In the 3 demonstrated cases, among the possible causes, the increased thrombogenic potential of the blood (increased level of antigen to von Willebrand factor, hormonal therapy, hyperhomocysteinemia) should apparently be put in first place. The thrombophilic state could serve as a trigger for the development of venous sinus thrombosis. Thus, in this situation, the main direction of pathogenetic therapy is the prescription of direct anticoagulants with a transition to indirect anticoagulants and maintaining INR values ​​at 2–3. In addition, the importance of a thorough history taking has been demonstrated, in particular, close attention to the presence of an infectious process, traumatic brain injury, venous thrombosis, and taking medications that can provoke the development of a hypercoagulable state. The importance of a physical examination is also emphasized, which may reveal indirect signs of impaired venous outflow through the cerebral veins and venous sinuses (dilation of the facial veins in the first patient).

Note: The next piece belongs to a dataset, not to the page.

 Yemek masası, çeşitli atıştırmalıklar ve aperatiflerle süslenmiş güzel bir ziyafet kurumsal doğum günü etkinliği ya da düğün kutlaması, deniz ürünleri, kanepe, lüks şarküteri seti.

In 2 patients, examination of the fundus revealed signs of impaired venous outflow and intracranial hypertension: congestive, swollen, hyperemic optic discs, dilated, congested veins in the fundus, absence of spontaneous venous pulse. All these signs, along with an indication of a new-onset, intense, difficult-to-treat headache, should give the clinician a reason to exclude disorders of cerebral venous circulation, which in turn is the key to successful treatment of patients and secondary prevention of this type of pathology.